• DIRECTIONS FOR THIS TASK
Each record below gets repeated exactly, and pictures stay out of the copy.

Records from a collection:

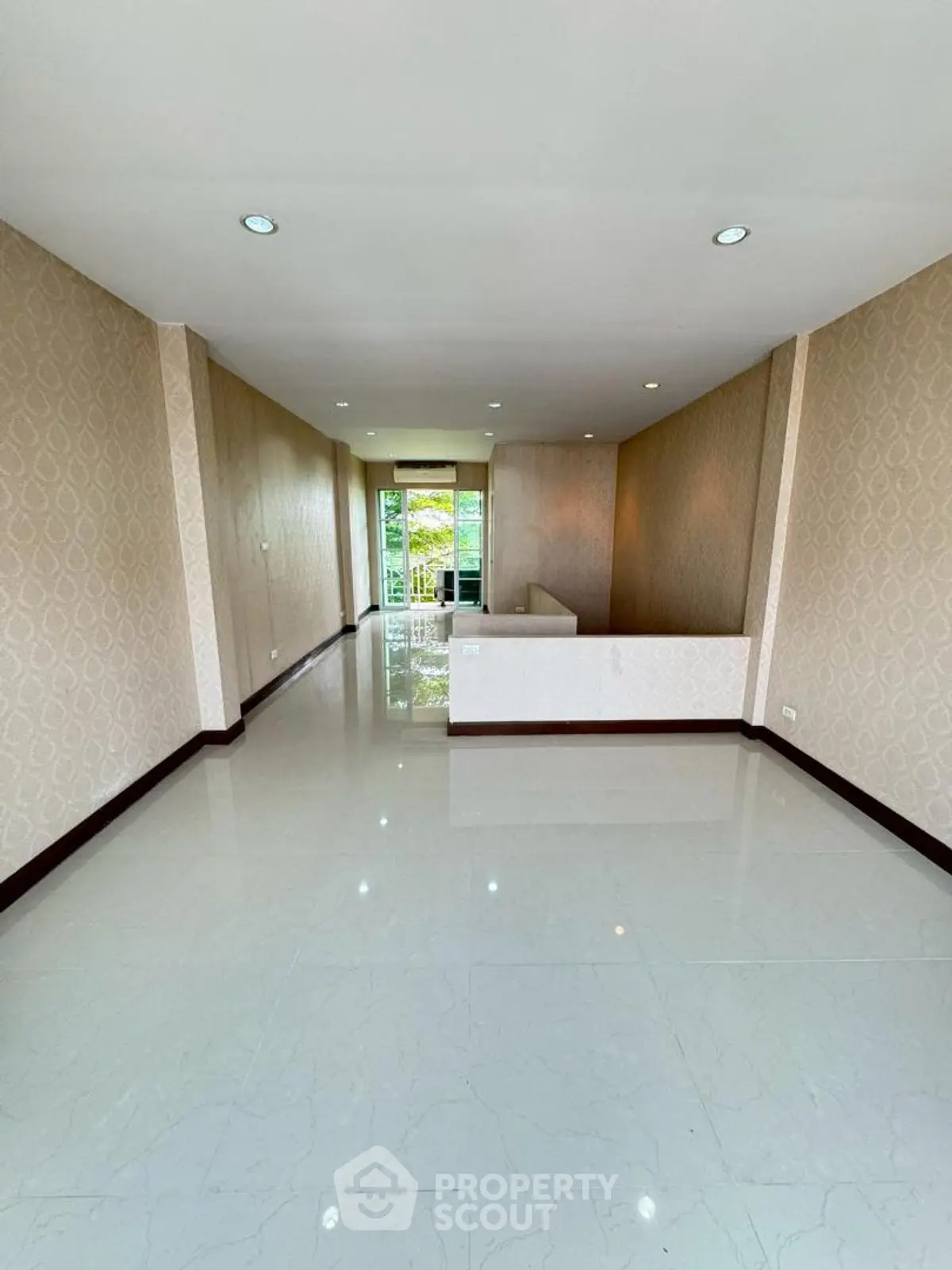Spacious and bright interior with elegant wallpaper and glossy flooring, ideal for modern living.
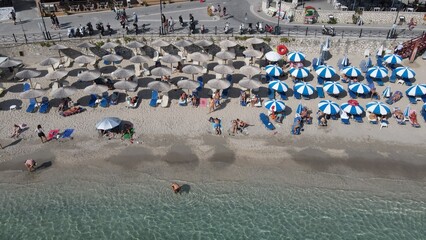 Aerial drone view parga greece, beach crowded with tourists in vacation on summer in famous greek caribbean parga town epirus preveza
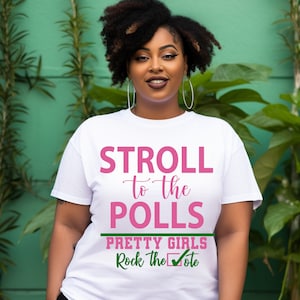 May include: White t-shirt with the text "Stroll to the Polls" in pink and "Pretty Girls Rock the Vote" in green.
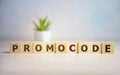 Promocode - word from wooden blocks with letters, coupon, promotion code, promo code concept, top view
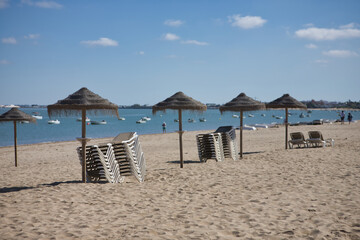 Set of umbrellas and hammocks, collected piled on top of each other on the beach by the end of the summer season with the sea in the background. Concept season, summer, end, change of season.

• TASK RESPONSE
Spacious and bright interior with elegant wallpaper and glossy flooring, ideal for modern living.
 Aerial drone view parga greece, beach crowded with tourists in vacation on summer in famous greek caribbean parga town epirus preveza
 May include: White t-shirt with the text "Stroll to the Polls" in pink and "Pretty Girls Rock the Vote" in green.
 Promocode - word from wooden blocks with letters, coupon, promotion code, promo code concept, top view
 Set of umbrellas and hammocks, collected piled on top of each other on the beach by the end of the summer season with the sea in the background. Concept season, summer, end, change of season.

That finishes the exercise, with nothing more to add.